Work order:
Take the entries below and print only the lines from the one with "Mochila Office Foldable Dark Green/Black" through the one with "Victoria secret perfume", exactly as they stand, both ends included.

Records excerpted from a collection:

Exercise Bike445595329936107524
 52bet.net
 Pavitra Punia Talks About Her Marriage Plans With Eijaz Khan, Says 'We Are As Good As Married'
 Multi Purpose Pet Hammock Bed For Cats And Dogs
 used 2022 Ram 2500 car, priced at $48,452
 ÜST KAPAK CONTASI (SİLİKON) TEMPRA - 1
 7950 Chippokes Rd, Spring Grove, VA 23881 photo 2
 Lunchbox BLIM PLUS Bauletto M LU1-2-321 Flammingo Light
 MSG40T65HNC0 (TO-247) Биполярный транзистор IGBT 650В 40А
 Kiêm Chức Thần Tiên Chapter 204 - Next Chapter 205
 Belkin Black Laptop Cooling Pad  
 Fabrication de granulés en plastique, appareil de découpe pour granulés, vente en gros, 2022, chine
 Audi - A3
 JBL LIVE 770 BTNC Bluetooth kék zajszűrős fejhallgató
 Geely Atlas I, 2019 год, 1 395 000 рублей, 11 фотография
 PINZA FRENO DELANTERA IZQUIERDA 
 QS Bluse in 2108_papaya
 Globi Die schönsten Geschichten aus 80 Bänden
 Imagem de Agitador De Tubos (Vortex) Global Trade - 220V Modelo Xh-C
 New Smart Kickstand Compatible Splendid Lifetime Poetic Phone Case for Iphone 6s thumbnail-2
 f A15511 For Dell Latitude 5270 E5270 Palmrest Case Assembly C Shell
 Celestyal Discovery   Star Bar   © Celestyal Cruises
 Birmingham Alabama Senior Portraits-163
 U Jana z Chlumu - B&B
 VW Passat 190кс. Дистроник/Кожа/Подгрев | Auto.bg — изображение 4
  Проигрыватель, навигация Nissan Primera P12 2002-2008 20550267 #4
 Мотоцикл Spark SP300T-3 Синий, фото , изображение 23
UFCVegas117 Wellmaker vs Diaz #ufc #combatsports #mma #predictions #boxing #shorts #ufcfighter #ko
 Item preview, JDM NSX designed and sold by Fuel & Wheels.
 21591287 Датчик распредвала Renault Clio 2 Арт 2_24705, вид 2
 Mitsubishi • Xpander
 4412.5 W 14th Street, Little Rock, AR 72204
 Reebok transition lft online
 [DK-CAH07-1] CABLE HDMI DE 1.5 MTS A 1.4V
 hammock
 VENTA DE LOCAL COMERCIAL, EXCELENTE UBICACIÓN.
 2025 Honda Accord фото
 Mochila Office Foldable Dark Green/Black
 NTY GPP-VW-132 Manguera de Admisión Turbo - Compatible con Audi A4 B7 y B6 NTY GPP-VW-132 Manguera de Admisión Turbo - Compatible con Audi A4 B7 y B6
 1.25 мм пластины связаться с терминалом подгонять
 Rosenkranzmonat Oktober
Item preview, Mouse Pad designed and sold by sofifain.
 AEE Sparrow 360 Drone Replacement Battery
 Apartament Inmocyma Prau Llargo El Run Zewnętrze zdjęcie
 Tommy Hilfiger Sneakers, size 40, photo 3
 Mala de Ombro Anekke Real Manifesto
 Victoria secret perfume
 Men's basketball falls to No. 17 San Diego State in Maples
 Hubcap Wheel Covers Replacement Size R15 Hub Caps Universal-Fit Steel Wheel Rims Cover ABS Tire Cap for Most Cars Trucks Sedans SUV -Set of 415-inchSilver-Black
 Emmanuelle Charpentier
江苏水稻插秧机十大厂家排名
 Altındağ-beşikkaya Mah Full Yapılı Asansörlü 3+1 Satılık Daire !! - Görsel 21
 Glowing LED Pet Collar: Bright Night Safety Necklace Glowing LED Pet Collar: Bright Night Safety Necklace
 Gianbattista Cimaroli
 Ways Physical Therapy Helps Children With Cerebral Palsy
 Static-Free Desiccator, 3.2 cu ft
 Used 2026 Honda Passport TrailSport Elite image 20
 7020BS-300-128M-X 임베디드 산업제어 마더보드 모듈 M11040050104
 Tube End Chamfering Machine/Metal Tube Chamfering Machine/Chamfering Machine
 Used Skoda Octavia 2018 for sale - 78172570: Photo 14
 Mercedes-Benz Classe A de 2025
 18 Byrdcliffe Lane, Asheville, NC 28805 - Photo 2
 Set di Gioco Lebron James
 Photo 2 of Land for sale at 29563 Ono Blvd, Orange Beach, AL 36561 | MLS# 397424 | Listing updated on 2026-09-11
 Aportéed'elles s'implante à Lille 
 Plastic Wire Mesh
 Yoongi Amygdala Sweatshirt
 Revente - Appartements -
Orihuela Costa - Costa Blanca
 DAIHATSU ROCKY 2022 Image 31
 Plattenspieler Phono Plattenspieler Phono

Answer space:
 Mochila Office Foldable Dark Green/Black
 NTY GPP-VW-132 Manguera de Admisión Turbo - Compatible con Audi A4 B7 y B6 NTY GPP-VW-132 Manguera de Admisión Turbo - Compatible con Audi A4 B7 y B6
 1.25 мм пластины связаться с терминалом подгонять
 Rosenkranzmonat Oktober
Item preview, Mouse Pad designed and sold by sofifain.
 AEE Sparrow 360 Drone Replacement Battery
 Apartament Inmocyma Prau Llargo El Run Zewnętrze zdjęcie
 Tommy Hilfiger Sneakers, size 40, photo 3
 Mala de Ombro Anekke Real Manifesto
 Victoria secret perfume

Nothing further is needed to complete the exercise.